▶ [DATA PROVIDED]:
Content starts

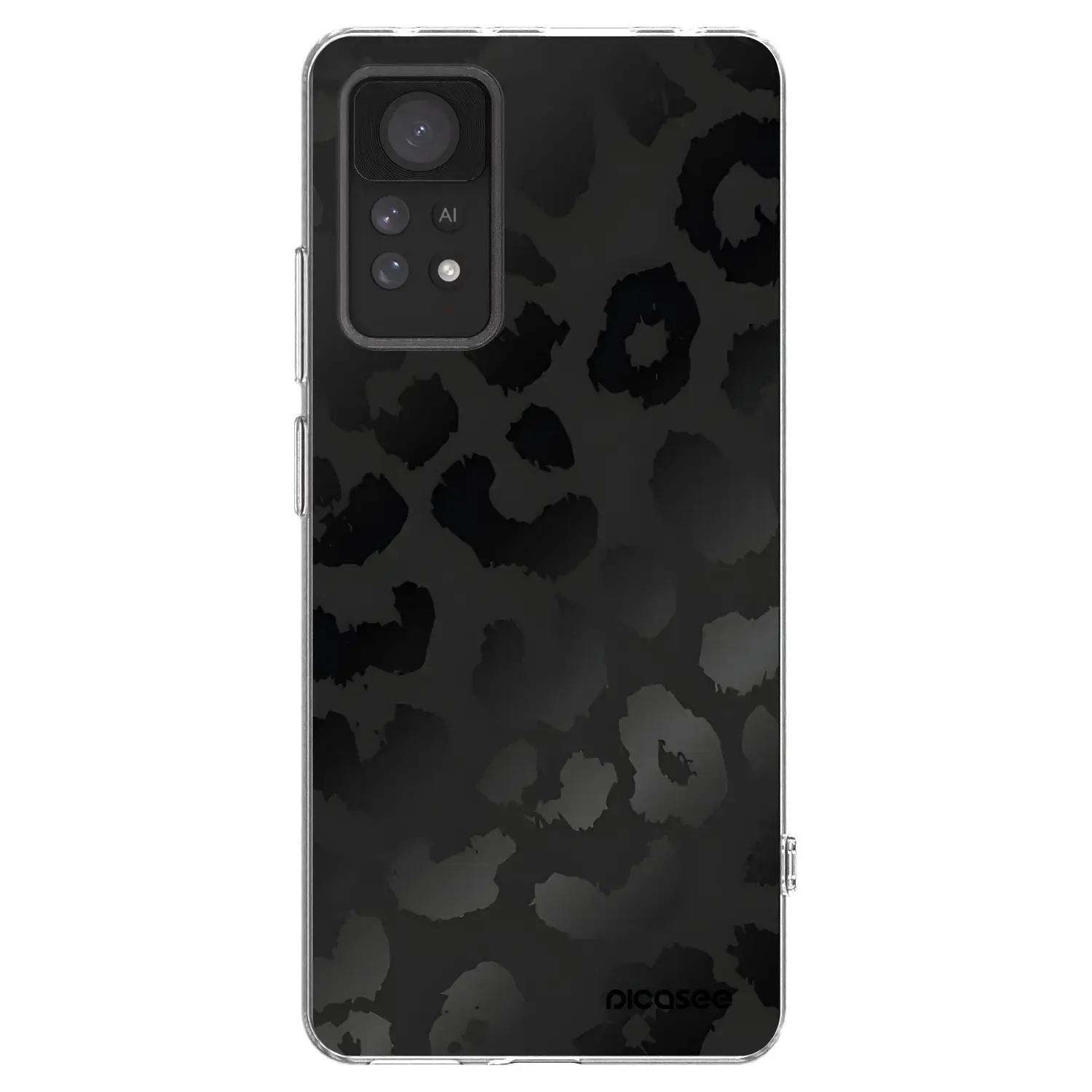 Silikonový průhledný obal pro Xiaomi Redmi Note 11 Pro 5G - Midnight Leopard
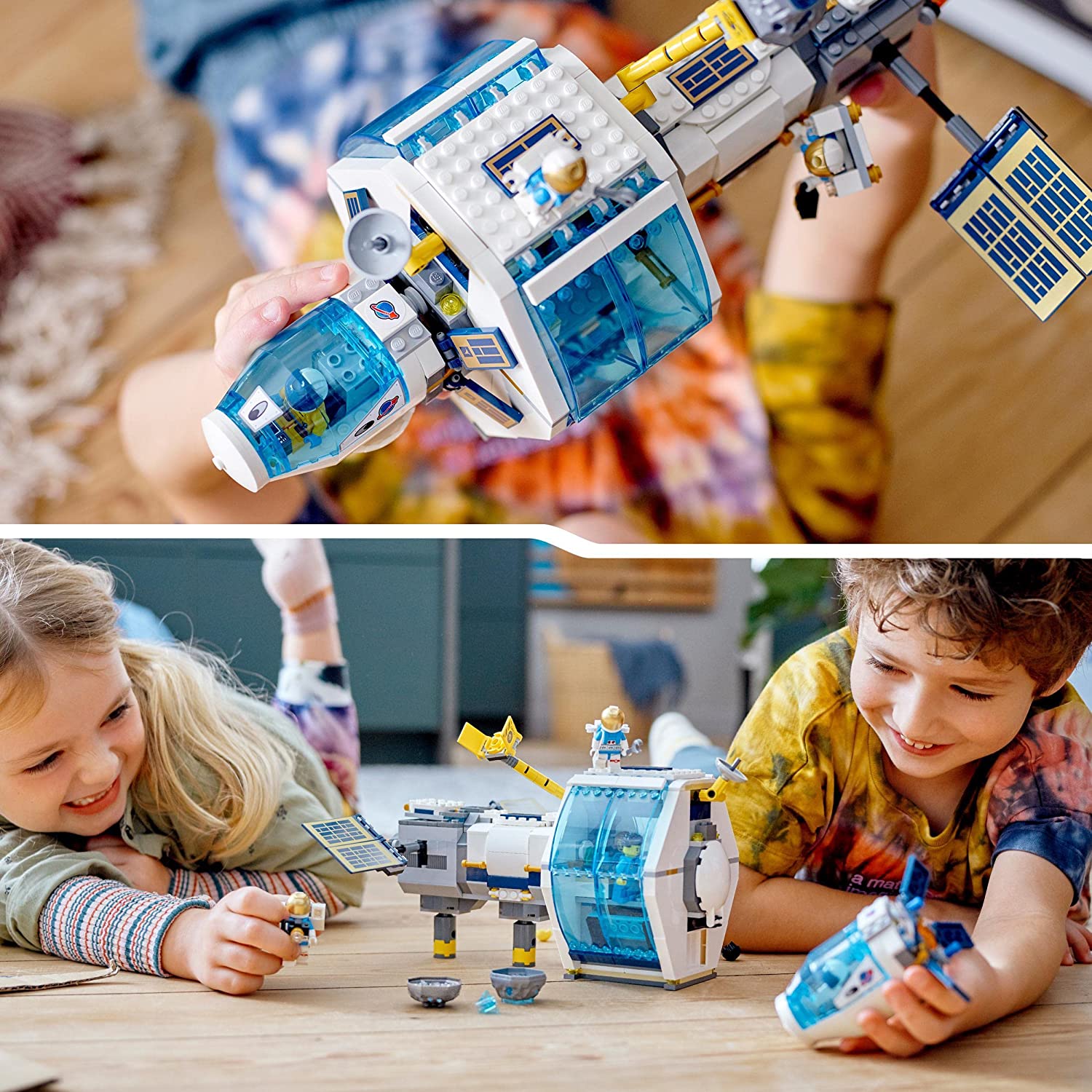 LEGO City Lunar Space Station Building Kit For Ages 6+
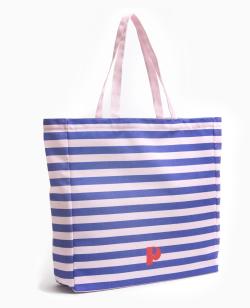 Grand totebag rayé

Content ends

▶ [EXERCISE INSTRUCTIONS]: Output every line above exactly as it stands, and drop any picture.

▶ [ANSWER BOX]:
 Silikonový průhledný obal pro Xiaomi Redmi Note 11 Pro 5G - Midnight Leopard
 LEGO City Lunar Space Station Building Kit For Ages 6+
 Grand totebag rayé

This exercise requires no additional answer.